Exercise details =>
Beginning with the first line, transcribe the entries below exactly through the line containing "Item preview, Keep", inclusive.

(Short web captions)
■ ■ ■ ■ ■ ■ ■
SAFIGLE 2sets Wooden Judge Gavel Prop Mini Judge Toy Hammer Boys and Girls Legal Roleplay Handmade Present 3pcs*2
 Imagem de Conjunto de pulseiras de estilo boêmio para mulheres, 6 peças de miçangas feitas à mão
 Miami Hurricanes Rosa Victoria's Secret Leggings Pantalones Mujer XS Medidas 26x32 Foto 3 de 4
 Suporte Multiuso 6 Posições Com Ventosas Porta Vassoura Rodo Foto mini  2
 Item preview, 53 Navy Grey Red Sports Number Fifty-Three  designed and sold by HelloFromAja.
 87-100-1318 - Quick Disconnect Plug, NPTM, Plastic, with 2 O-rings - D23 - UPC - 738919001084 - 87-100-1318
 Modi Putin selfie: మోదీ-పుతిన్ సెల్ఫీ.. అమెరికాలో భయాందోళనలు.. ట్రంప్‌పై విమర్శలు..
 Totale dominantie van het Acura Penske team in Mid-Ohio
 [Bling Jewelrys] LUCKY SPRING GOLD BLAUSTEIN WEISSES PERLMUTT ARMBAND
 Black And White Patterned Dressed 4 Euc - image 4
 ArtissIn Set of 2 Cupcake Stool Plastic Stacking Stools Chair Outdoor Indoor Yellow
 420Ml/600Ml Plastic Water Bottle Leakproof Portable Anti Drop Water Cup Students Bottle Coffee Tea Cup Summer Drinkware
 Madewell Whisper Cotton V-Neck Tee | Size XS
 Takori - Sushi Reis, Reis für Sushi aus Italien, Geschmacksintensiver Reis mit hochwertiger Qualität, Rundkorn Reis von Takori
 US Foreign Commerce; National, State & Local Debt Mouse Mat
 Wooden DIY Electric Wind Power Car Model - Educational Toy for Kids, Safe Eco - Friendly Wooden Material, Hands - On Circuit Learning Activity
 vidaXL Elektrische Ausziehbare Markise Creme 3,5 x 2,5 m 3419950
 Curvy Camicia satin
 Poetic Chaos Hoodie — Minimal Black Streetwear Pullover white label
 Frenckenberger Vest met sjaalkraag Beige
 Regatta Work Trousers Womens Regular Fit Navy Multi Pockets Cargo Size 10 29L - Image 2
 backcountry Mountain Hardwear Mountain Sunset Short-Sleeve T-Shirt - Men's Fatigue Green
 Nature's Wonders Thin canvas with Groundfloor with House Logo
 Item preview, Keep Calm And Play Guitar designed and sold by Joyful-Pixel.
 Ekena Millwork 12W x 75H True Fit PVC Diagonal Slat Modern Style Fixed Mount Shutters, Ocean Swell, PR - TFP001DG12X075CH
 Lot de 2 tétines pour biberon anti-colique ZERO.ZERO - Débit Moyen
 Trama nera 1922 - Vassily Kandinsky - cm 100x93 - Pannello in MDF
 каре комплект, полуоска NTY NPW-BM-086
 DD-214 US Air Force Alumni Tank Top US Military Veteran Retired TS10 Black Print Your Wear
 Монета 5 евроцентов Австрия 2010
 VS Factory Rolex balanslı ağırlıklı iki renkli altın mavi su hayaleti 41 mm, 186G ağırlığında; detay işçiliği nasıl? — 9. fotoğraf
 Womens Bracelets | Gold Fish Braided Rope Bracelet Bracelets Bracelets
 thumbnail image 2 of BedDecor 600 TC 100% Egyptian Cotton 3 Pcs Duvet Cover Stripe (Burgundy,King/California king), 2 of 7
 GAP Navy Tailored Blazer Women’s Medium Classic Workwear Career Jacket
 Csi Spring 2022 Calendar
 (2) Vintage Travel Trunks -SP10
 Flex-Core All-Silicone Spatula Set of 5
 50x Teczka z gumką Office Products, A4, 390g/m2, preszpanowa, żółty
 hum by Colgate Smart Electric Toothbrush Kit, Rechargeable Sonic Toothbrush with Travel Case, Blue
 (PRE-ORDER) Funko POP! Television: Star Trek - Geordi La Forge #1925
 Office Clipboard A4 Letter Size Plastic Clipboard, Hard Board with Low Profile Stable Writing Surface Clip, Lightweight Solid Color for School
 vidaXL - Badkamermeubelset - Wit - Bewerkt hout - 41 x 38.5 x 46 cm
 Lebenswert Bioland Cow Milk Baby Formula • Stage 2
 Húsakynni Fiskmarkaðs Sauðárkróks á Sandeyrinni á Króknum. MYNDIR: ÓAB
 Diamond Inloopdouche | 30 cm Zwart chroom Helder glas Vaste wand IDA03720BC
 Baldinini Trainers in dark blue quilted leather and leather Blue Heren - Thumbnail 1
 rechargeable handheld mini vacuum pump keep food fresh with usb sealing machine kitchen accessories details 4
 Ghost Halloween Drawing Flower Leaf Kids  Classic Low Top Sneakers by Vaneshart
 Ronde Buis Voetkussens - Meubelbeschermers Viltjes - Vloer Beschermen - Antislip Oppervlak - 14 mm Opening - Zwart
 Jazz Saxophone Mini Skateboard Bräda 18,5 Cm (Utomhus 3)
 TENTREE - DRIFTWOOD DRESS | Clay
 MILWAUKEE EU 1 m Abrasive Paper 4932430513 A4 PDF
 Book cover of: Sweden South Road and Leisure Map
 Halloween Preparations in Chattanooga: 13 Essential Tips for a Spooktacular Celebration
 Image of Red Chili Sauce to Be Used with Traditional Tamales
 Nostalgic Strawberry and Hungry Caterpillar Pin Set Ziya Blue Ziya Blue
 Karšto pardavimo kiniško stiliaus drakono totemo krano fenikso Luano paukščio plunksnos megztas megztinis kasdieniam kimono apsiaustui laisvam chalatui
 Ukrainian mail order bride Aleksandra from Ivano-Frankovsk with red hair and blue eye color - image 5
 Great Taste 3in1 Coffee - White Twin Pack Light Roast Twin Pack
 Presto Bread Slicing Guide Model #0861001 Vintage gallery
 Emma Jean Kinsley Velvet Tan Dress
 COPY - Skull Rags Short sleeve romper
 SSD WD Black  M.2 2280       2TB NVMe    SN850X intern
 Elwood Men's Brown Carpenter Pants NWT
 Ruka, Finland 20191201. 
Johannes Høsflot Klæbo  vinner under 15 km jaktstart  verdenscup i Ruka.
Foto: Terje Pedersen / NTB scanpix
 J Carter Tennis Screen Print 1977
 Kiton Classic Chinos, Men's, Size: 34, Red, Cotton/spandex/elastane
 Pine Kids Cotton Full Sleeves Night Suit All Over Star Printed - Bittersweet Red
■ ■ ■ ■ ■ ■ ■
Written answer =>
SAFIGLE 2sets Wooden Judge Gavel Prop Mini Judge Toy Hammer Boys and Girls Legal Roleplay Handmade Present 3pcs*2
 Imagem de Conjunto de pulseiras de estilo boêmio para mulheres, 6 peças de miçangas feitas à mão
 Miami Hurricanes Rosa Victoria's Secret Leggings Pantalones Mujer XS Medidas 26x32 Foto 3 de 4
 Suporte Multiuso 6 Posições Com Ventosas Porta Vassoura Rodo Foto mini  2
 Item preview, 53 Navy Grey Red Sports Number Fifty-Three  designed and sold by HelloFromAja.
 87-100-1318 - Quick Disconnect Plug, NPTM, Plastic, with 2 O-rings - D23 - UPC - 738919001084 - 87-100-1318
 Modi Putin selfie: మోదీ-పుతిన్ సెల్ఫీ.. అమెరికాలో భయాందోళనలు.. ట్రంప్‌పై విమర్శలు..
 Totale dominantie van het Acura Penske team in Mid-Ohio
 [Bling Jewelrys] LUCKY SPRING GOLD BLAUSTEIN WEISSES PERLMUTT ARMBAND
 Black And White Patterned Dressed 4 Euc - image 4
 ArtissIn Set of 2 Cupcake Stool Plastic Stacking Stools Chair Outdoor Indoor Yellow
 420Ml/600Ml Plastic Water Bottle Leakproof Portable Anti Drop Water Cup Students Bottle Coffee Tea Cup Summer Drinkware
 Madewell Whisper Cotton V-Neck Tee | Size XS
 Takori - Sushi Reis, Reis für Sushi aus Italien, Geschmacksintensiver Reis mit hochwertiger Qualität, Rundkorn Reis von Takori
 US Foreign Commerce; National, State & Local Debt Mouse Mat
 Wooden DIY Electric Wind Power Car Model - Educational Toy for Kids, Safe Eco - Friendly Wooden Material, Hands - On Circuit Learning Activity
 vidaXL Elektrische Ausziehbare Markise Creme 3,5 x 2,5 m 3419950
 Curvy Camicia satin
 Poetic Chaos Hoodie — Minimal Black Streetwear Pullover white label
 Frenckenberger Vest met sjaalkraag Beige
 Regatta Work Trousers Womens Regular Fit Navy Multi Pockets Cargo Size 10 29L - Image 2
 backcountry Mountain Hardwear Mountain Sunset Short-Sleeve T-Shirt - Men's Fatigue Green
 Nature's Wonders Thin canvas with Groundfloor with House Logo
 Item preview, Keep Calm And Play Guitar designed and sold by Joyful-Pixel.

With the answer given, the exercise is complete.